En este intento de trasladar la tesis marxista de la lucha de clases a la lucha de sexo, hoy el diario El Mundo publica una noticia con este título: “Por qué todo lo que te rodea está diseñado para un hombre de 1,76 cm y 77 kilos”. Para empezar, El Mundo debe estar hablando de hombres muy pequeñitos, porque habla de “1,76 cm”, y no de 1,76 m. En ese periódico deben tener ciertas dificultades con el sistema métrico… Además, la entradilla afirma: Desde los coches hasta los móviles, todo está diseñado para el hombre con la estatura y el peso medio. Los demás, sobre todo las mujeres, sufren las secuelas: más muertes en accidentes de tráfico, fallos en los diagnósticos médicos…”

Las mujeres son más propensas que los hombres a los móviles grandes

Para empezar, me pregunto si el redactor de esa noticia se ha pasado, por ejemplo, por la web de Apple: en ella verá que hay móviles de diversos tamaños. El año pasado unas feministas ya se quejaron a Apple por ese tema, tal vez ignorando los distintos tamaños de cada modelo. El caso es quejarse por quejarse: si Apple hubiese hecho un móvil más pequeño para mujeres, la queja habría sido que Apple privilegiaba a los varones con pantallas más grandes y más legibles. Es lo que podríamos llamar “quejismo” feminista: el empeño en quejarse por todo. Por otra parte, ¿quién dice que las mujeres prefieren los móviles pequeños? En 2016 el propio diario El Mundo publicó un estudio que señaló que un 37,2 por ciento de las mujeres se plantearía llevar un dispositivo de hasta 6,5 pulgadas frente al 29,9% de los hombres, es decir, que ellas son más propensas a los móviles más grandes. La razón es obvia: los hombres solemos llevar el móvil en un bolsillo del pantalón, mientras que las mujeres suelen llevarlo en el bolso, donde disponen de más espacio.

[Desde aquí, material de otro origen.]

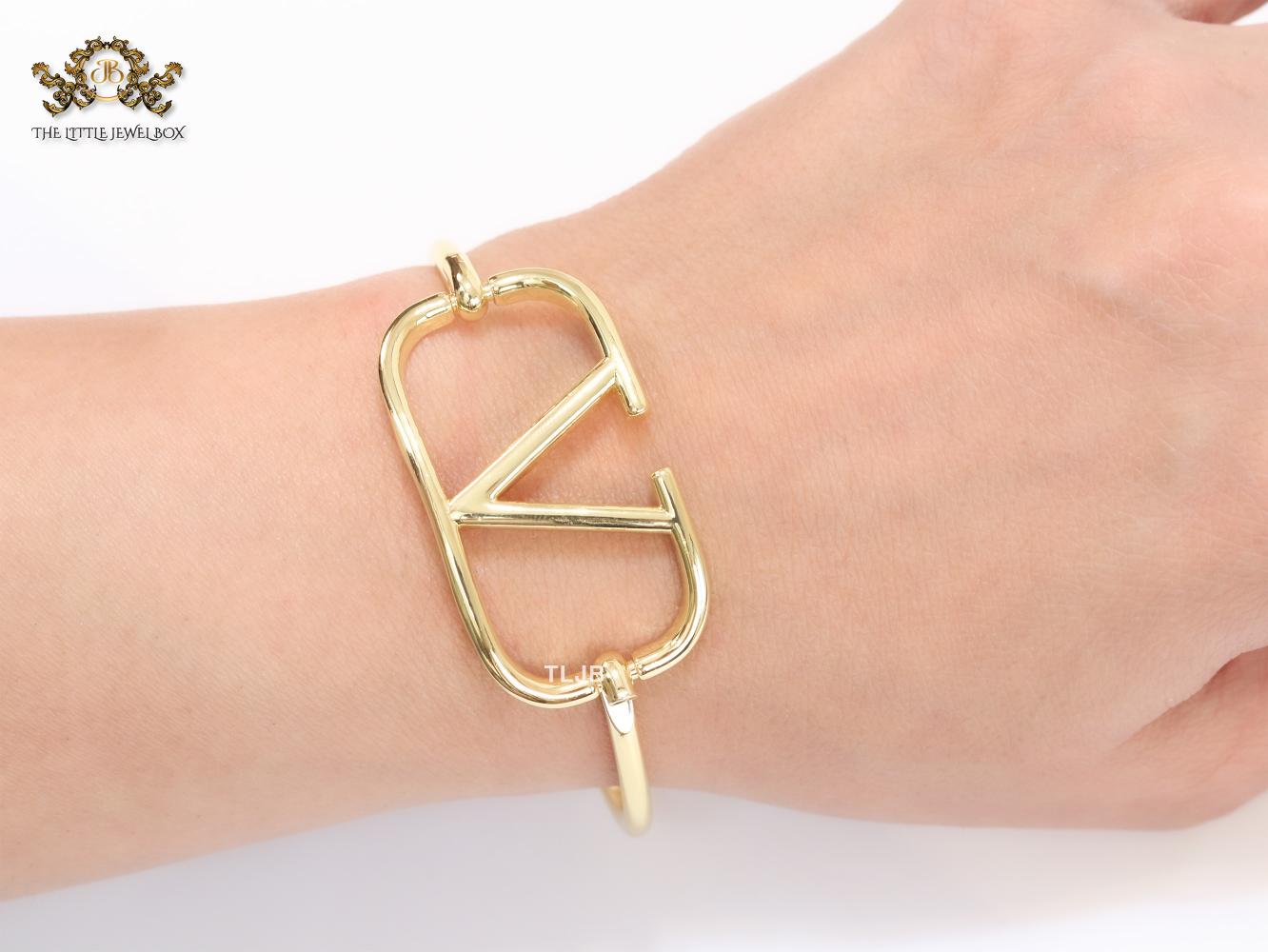 Sleek open V gold bracelet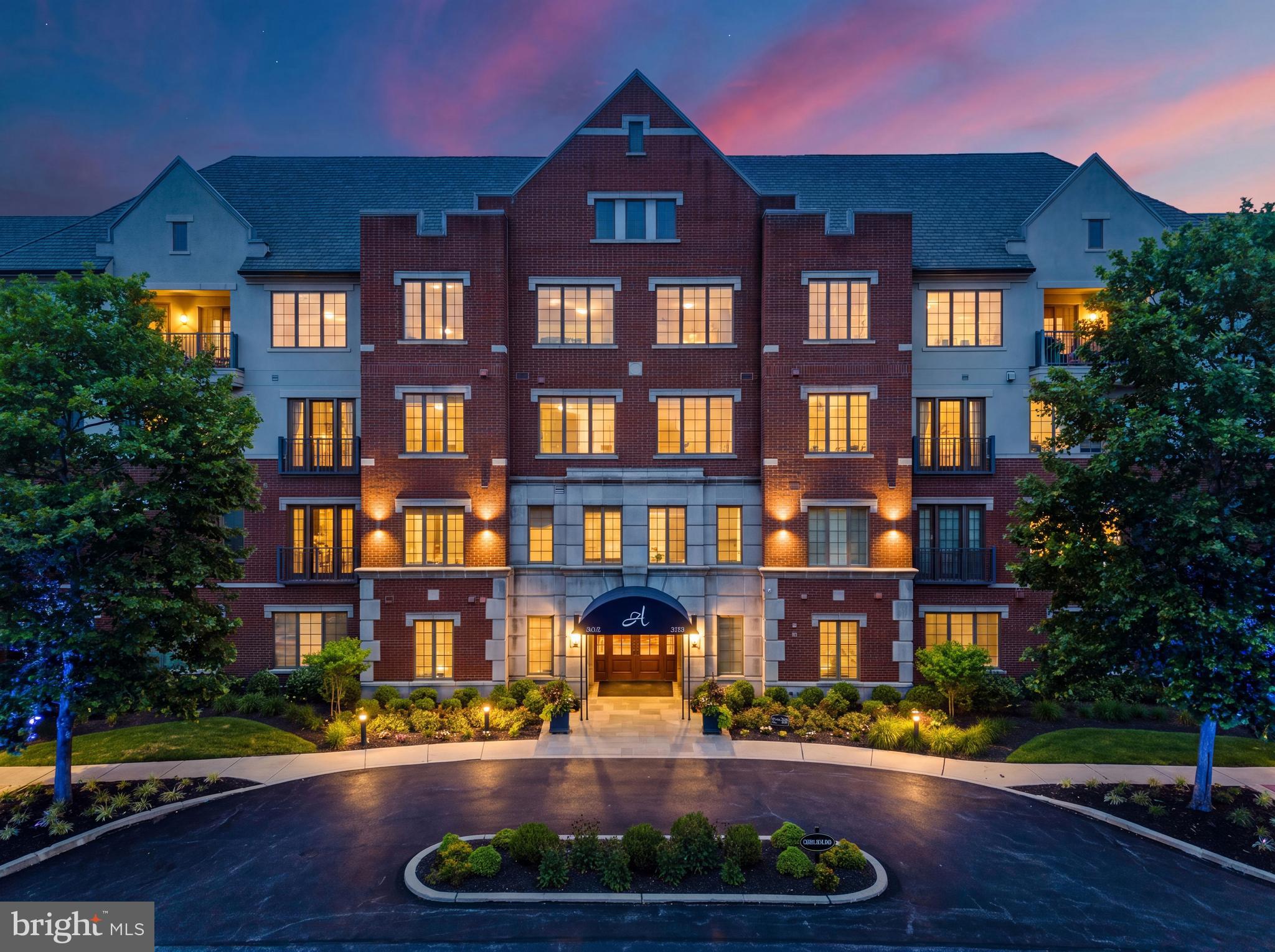 Welcome to luxury living at Athertyn at Haverford Reserve, Pohlig's premier 55+ community on the Main Line. This impeccably customized 1,809 sq. ft. Addison model offers 2 bedrooms, 2 full baths, and an exceptional collection of designer upgrades throughout. From the moment you step inside, you'll be captivated by the elegant foyer, featuring custom wallpaper and a stunning statement chandelier that sets the tone for the sophisticated interiors beyond. Designed with both comfort and entertaining in mind, the open-concept floor plan seamlessly connects the gourmet kitchen, complete with a large center island, breakfast bar, and eat-in dining area, to the spacious living room and formal dining room. Plantation shutters add natural light to the living room and breakfast area, while the formal dining room is beautifully appointed with custom wallpaper and a striking designer chandelier, creating the perfect setting for hosting family and friends. The luxurious primary suite offers custom-designed closets, remote-controlled blackout shades, and a spa-inspired ensuite bath. Additional highlights include a dedicated laundry room with custom storage, premium finishes throughout, one assigned parking space in the secure underground garage, and a private storage unit. (See attached upgrade list for the complete list of enhancements.) Perfectly positioned on the first floor for convenient outdoor access, this truly turnkey residence is nestled within the picturesque 209-acre Haverford Reserve. Residents enjoy maintenance-free living, secured building access, an elegant lobby with a convenient mail center, and exclusive amenities including a clubhouse, fitness center, resort-style pool, tennis and pickleball courts, putting green, and miles of scenic walking trails.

Recordemos que hace años los móviles eran más pequeños, por una sencilla razón: tenían muchas menos prestaciones. Hoy en día un móvil es un ordenador en miniatura, y procede hacerlo delgado pero no de pantalla muy reducida. Pensemos, por otra parte, que vivimos en una economía de mercado: no hay ninguna conspiración para negar a las mujeres productos adaptados a sus gustos, todo lo contrario. Si hay demanda de un determinado producto, a las empresas les compensa lanzarlo. Para eso se hacen estudios de mercado. Nunca ha habido tal variedad de productos como ahora, y algunas feministas siguen quejándose como si no tuviesen donde elegir. Incluso hay feministas que se quejan de que la talla 38 les aprieta sus partes íntimas: ¿y por qué no piden una talla mayor? La cuestión es, repito, quejarse por quejarse. Pero son un puñado de ruidosas quejicas que no representan a la mayoría de las mujeres ni de lejos.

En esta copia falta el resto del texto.